START Collected data

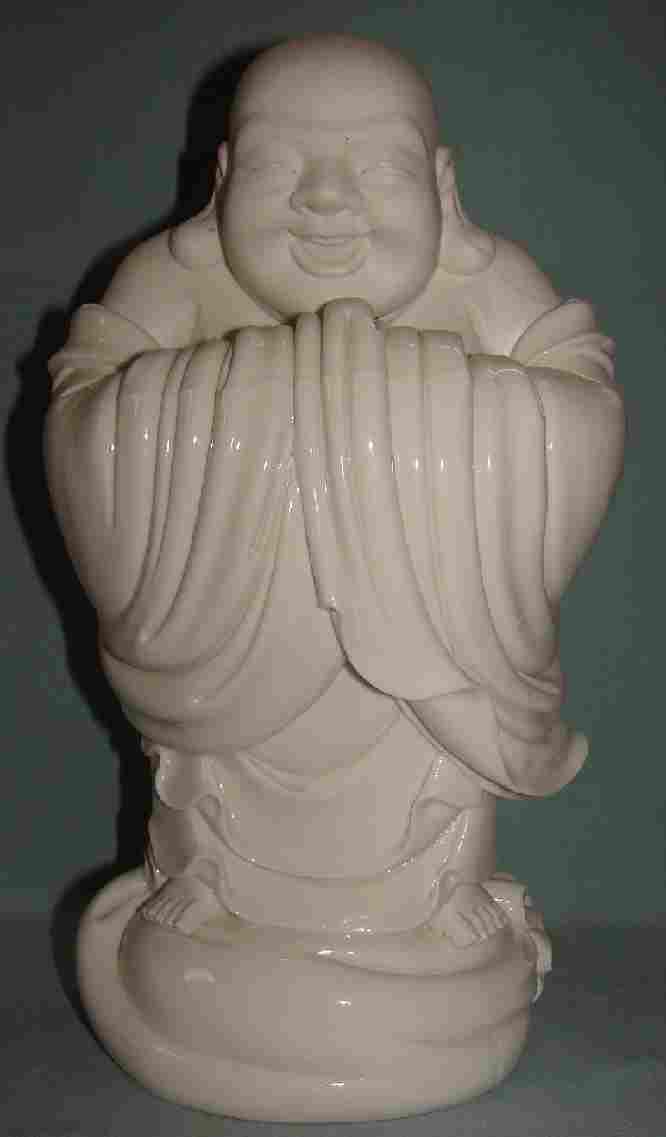 ������ʳ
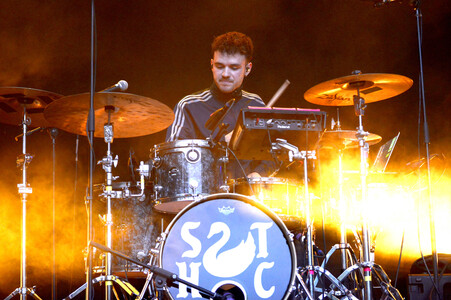 Fährmannsfest 2025 in Hannover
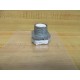 Allen Bradley 800T-J2KD7A Selector Switch Core Only - New No Box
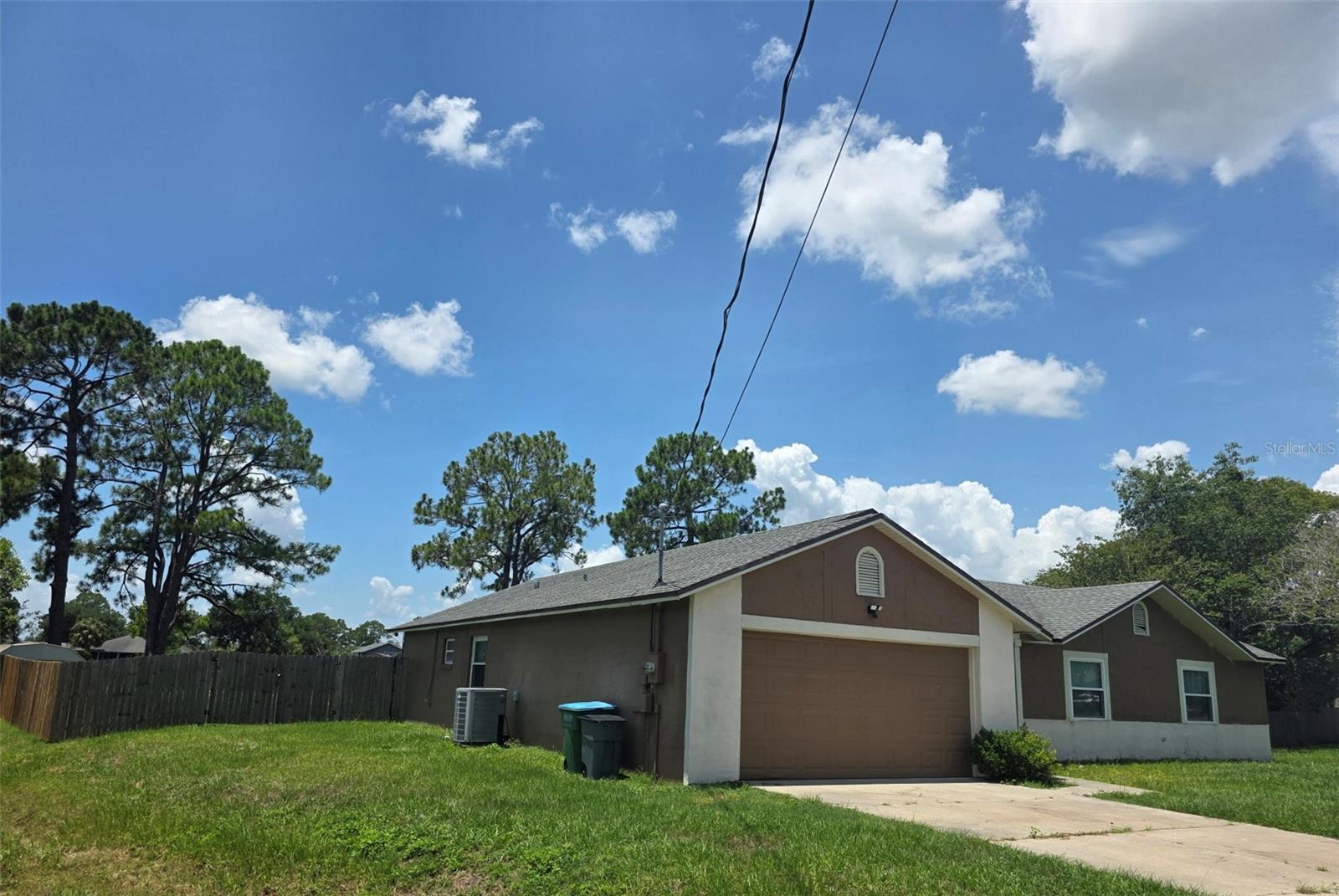 2473 BECK CIRCLE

END Collected data

(Exercise requirements)
Through to the final line, copy the material above exactly and skip the images.

(Answer section)
 ������ʳ
 Fährmannsfest 2025 in Hannover
 Allen Bradley 800T-J2KD7A Selector Switch Core Only - New No Box
 2473 BECK CIRCLE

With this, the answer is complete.